Dès le début du livre, ce premier extrait campe bien son sujet…

«Le désamour des libéraux n’est ni de la haine ni du mépris, c’est une froide indifférence au sort que réserve l’austérité aux femmes.»

Sur le rôle des femmes pour faire augmenter le PIB :

«Si les femmes doivent être aussi estimées, considérées et respectées que les hommes – pas seulement en entreprise, mais partout dans la société – ce n’est pas parce qu’il serait «dommage» de ne pas les mettre à contribution pour augmenter le produit intérieur brut (PIB). L’égalité est le moyen d’une valeur inaliénable et inconditionnelle : la liberté.»

Face aux compressions qui touchent davantage les emplois féminins :

«Les services et programmes qui soutiennent les femmes, tout comme les emplois adaptés à leur réalité, ne sont pas que des béquilles pour pallier la prospérité que l’État n’arrive pas à générer. Ils sont la condition même de leur autonomie. On ne peut pas détruire les institutions publiques qui ont été historiquement garantes de la liberté et de l’égalité des femmes, puis se contenter d’encourager ces dernières à prendre part à l’orgie extractiviste pour que les inégalités disparaissent, comme par magie. Le marché n’arrange pas tout, parce qu’il n’est pas tout, n’en déplaise aux libéraux.»

Sur la phobie des libéraux qui trouvent que l’impôt sur le revenu est la pire des taxes :

«L’impôt rappelle aux individus et aux groupes les plus privilégiés qu’ils ont une dette envers la collectivité qui, à bien des égards, a rendu leur succès possible.»

Sur la récupération des libéraux du concept d’équité intergénérationnelle pour justifier leur objectif du déficit zéro, tout en réduisant les services aux jeunes et aux enfants :

«On finit par se dire que ce qu’il y a de bien avec le futur, du moins celui des discours et des promesses de politiciens, c’est qu’on n’y arrive jamais (…)

En commentant les affirmations du ministre François Blais qui a déclaré au sujet des conséquences des compressions en éducation que les commissions scolaires n’avaient qu’à faire des «choix intelligents» :

«Dans un monde qui aurait perdu tout sens de la dignité humaine, de telles sottises vaudraient au ministre de l’Éducation d’être reconduit aux portes de la cité enduit de goudron et de plumes.»

Sur la «sous-traitance» des services sociaux aux organismes communautaires sans leur donner de budgets suffisants :

«Pourquoi financer des institutions publiques qui emploient des gens qu’il faut bien payer et à qui il faut, en plus, fournir des avantages sociaux, si on peut déléguer ce travail à des organismes dont on présume qu’ils seront prêts à donner sans compter, et dont les travailleuses n’embêtent personne avec leurs fichus régimes de retraite?»

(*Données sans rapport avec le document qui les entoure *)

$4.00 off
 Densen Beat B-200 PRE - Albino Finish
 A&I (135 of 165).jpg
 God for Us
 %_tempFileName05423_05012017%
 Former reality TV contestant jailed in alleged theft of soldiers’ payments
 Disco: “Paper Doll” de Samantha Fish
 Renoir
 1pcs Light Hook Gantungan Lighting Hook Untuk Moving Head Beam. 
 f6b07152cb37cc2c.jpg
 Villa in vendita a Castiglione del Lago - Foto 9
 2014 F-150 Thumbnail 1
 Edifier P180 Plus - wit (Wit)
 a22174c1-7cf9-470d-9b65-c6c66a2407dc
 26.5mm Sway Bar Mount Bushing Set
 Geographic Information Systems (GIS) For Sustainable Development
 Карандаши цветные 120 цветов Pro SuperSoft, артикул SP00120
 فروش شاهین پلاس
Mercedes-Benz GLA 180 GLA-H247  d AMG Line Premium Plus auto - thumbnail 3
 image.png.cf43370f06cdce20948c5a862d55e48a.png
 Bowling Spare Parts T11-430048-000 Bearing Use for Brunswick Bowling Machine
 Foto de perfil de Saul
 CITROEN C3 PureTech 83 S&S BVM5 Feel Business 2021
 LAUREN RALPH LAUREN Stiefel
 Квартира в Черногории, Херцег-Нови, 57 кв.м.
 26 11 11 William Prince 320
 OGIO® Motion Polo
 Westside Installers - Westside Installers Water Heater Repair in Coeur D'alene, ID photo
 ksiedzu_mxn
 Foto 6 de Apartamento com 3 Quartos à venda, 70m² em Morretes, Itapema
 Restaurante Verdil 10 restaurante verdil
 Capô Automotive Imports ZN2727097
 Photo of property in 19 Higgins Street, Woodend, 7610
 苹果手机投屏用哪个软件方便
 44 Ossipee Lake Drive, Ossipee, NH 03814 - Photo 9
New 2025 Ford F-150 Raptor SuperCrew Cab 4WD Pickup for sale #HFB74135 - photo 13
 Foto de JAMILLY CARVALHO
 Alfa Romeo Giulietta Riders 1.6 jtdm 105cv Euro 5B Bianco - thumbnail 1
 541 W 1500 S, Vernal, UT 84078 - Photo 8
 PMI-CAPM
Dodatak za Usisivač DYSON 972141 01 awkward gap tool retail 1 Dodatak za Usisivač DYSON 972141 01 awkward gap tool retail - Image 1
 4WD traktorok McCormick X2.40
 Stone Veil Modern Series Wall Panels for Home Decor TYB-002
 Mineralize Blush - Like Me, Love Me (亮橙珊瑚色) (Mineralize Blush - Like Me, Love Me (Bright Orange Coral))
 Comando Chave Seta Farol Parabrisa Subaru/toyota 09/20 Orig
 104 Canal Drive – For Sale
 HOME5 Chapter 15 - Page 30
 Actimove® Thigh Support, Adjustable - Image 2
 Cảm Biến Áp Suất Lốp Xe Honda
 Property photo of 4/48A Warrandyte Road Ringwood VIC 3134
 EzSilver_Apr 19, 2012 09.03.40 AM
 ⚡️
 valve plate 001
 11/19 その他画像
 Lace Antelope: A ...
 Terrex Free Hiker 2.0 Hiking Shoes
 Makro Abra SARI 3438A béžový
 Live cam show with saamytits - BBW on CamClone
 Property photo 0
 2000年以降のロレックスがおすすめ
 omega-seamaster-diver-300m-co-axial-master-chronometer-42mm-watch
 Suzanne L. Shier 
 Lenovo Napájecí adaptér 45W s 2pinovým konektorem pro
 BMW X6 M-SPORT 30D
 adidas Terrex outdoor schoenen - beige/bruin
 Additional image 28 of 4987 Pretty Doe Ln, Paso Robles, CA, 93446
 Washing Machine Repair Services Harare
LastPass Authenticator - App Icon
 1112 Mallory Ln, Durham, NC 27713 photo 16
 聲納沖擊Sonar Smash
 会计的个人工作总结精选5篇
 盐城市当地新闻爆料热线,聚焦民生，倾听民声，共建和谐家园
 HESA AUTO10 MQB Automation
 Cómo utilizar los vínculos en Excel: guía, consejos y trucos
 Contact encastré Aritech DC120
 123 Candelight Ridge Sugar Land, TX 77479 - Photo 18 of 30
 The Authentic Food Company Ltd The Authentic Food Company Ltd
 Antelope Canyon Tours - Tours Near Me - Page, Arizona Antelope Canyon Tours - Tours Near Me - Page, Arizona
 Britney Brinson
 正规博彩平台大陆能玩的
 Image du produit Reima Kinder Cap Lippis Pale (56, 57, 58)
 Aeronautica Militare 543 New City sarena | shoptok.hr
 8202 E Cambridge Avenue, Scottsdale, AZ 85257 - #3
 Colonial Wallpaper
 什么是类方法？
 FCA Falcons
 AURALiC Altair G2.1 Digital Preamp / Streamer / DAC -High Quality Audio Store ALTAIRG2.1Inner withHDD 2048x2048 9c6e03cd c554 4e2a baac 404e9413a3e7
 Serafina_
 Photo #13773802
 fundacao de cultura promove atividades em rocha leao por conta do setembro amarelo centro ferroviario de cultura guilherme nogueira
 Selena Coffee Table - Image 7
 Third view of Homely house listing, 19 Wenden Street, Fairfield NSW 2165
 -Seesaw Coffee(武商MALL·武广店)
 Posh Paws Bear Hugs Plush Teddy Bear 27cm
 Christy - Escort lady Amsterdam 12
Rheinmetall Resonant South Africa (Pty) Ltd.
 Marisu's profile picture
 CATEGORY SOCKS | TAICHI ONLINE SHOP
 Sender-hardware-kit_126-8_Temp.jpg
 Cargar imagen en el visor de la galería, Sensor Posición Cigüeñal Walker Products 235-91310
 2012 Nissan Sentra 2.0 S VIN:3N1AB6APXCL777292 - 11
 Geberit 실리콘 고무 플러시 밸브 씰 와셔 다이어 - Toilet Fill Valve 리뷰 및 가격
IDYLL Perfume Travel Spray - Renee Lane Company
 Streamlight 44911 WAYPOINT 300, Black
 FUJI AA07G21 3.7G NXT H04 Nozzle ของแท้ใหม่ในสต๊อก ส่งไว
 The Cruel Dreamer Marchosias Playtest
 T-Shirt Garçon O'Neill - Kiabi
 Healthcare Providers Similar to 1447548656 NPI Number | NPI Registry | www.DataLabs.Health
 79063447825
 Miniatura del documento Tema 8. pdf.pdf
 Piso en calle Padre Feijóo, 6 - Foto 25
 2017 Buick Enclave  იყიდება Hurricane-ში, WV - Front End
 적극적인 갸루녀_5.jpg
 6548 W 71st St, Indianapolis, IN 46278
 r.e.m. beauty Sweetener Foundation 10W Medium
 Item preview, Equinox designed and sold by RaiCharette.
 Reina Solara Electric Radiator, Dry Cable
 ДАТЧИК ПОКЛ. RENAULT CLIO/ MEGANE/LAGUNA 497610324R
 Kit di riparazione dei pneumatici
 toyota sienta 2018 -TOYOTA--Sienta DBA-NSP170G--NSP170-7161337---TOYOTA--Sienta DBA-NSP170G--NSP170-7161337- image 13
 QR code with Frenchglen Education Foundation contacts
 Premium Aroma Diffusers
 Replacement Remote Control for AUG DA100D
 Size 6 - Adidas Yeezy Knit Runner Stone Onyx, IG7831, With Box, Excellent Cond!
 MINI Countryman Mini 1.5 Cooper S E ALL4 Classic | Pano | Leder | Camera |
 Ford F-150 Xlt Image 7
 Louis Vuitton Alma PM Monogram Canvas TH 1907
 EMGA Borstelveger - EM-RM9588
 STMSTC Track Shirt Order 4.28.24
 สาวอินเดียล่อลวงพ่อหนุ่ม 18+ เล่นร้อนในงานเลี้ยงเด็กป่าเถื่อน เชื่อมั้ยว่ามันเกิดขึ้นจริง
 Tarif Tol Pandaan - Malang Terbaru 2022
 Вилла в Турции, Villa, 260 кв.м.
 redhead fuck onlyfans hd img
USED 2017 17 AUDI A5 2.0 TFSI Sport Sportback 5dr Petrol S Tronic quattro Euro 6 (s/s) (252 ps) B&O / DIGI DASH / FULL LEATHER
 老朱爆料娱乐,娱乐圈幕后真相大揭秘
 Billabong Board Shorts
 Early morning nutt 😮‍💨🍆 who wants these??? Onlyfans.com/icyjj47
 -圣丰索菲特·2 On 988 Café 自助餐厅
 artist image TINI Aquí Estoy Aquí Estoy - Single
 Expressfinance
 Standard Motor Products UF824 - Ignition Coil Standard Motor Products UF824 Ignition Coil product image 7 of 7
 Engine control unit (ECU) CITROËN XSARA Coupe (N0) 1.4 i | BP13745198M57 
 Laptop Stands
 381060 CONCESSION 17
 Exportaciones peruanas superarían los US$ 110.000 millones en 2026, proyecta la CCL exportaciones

Sur la philanthropie qui, selon trop de gens et surtout trop de politiciens, devrait remplacer le financement gouvernemental :

«(…) la substitution du financement public par des subventions privées assujettit forcément le travail des groupes communautaires aux intérêts des bailleurs de fonds, et ce, au détriment de leur mission fondamentale. (…) La mère monoparentale devra chercher un loyer modique dans le quartier où œuvre le bon docteur chouchou des média.»

Je m’étais juré de ne mettre aucune citation de la conclusion du livre, me disant que j’écrirais plutôt qu’il fallait la lire en entier (ce qui demeure vrai), mais celle-ci est trop bonne :

«Nous devrions ainsi croire que les infirmières, en prodiguant des soins, les enseignantes en formant les jeunes, les éducatrices en prenant soin des enfants, ne créent pas de richesse. Pire, qu’elles les dilapident. Honte à elles de vivre ainsi aux dépens des banquiers, des boursicoteurs et des valeureux gestionnaires des grandes entreprises, les seules et vraies sources de prospérité.»

Et alors…

Lire ou ne pas lire? Je n’ai aucune hésitation à recommander cette lecture, d’autant plus que l’auteure y cite deux de mes billets…. Blague à part, ce petit livre (128 pages) se lit comme du bonbon (OK, ça ne se lit pas, du bonbon, mais on comprend…), est rempli d’images justes et de sarcasmes bien placés, et surtout explique bien à quel point les libéraux (et libérales) ne se préoccupent nullement de l’équité entre les femmes et les hommes (sauf quand cela peut servir à faire passer leurs politiques), sacrifiant tout au dieu de l’austérité et du déficit zéro…

J’ai appris depuis que j’ai écrit ce billet que ce livre a reçu le prix Pierre-Vadeboncoeur. Même sans connaître les livres concurrents, cet honneur me semble bien mérité!

10 commentaires leave one →
  1. 23 novembre 2015 12 h 07 min

    J’aime bien celle-ci:
    «On finit par se dire que ce qu’il y a de bien avec le futur, du moins celui des discours et des promesses de politiciens, c’est qu’on n’y arrive jamais (…).»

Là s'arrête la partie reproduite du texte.